Worryingly, only half (50%) of the non-managerial employees surveyed say they feel a sense of belonging (meaning they feel valued, accepted, and connected to their colleagues, team, and wider organisation) most or all the time. As expected, this sense of belonging varies by career stage and increases with seniority, from 50% of non-managers to 60% of junior and middle managers, and 68% of senior managers.

Nearly a fifth (18%) of all respondents (21% of men and 15% of women) rarely or never feel like they belong at work. It’s even more pronounced for those at the start of their careers, with a third (33%) of 18- to 24-year-olds reporting a lack of sense of belonging most or all the time.

Ciphr’s study also found that a concerning number of employees, at all levels, don’t feel that they have a voice in their organisation, or that their employer encourages, listens to, and acts on feedback. Employee voice matters – as a lack of employee voice implies that their views aren’t being heard or included in conversations and decisions that may directly affect them.

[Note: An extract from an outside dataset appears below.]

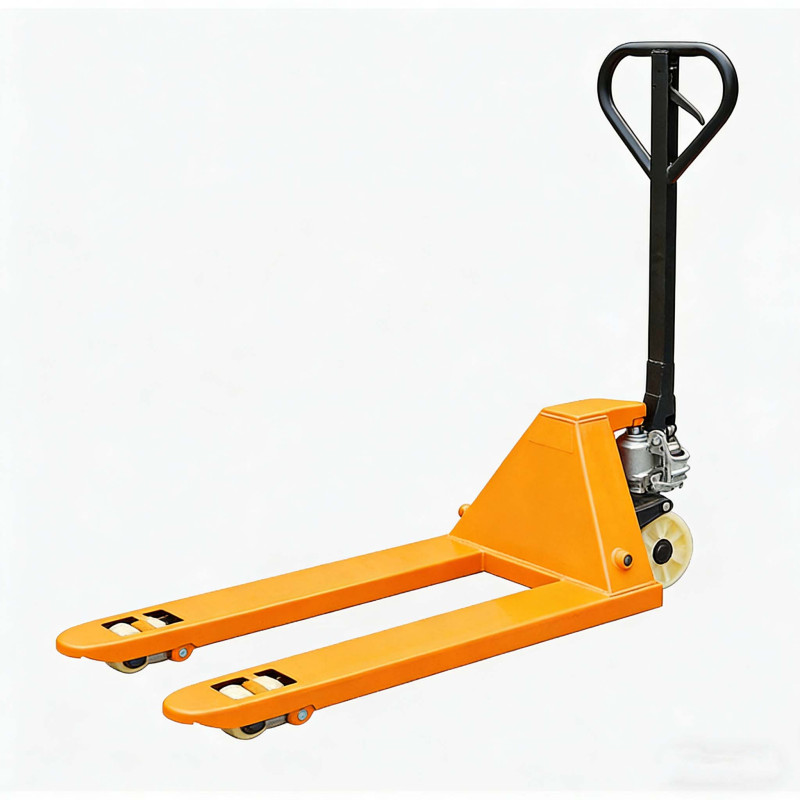 Transpaleta Hidráulica 2T/3T – Ideal para Almacenes y Carga Pesada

A sizable one in four employees – 29% of non-managers and 23% of junior and middle managers – feel like they have no voice in their organisation at all.

What can employers do?

Ann Allcock, head of diversity at Ciphr and Marshall E-Learning, says: “Ciphr’s DEI&B survey results provide some significant and interesting insights into today’s workplace culture and practices. It’s reassuring that most people feel that they can be themselves at work and think that their organisation has an inclusive work culture. The correlation between employee belonging, and engagement and retention also confirms what we already know about the drivers for DEI.

“But, there’s a large minority who don’t feel like they belong, and that’s an important flag for HR and diversity leaders. It’s an indicator that, if this hasn’t already been explored, there is work to do to fully understand your employees’ experiences, and what they feel would help to increase a sense of belonging for all in your organisation.

“One finding that stands out for me (even though the sample size is relatively small), is how the youngest employees feel less positive about their workplaces across all areas – which is disheartening and concerning.

“We know from other research that young people are more likely than older generations to call out bias at work, which may have become accepted and normalised over time. And that younger employees have higher expectations of their managers and leaders in terms of attitudes, skills and behaviours around diversity and inclusion, which, in itself, is a good sign that increased efforts around DEI and more inclusive recruitment practices are working.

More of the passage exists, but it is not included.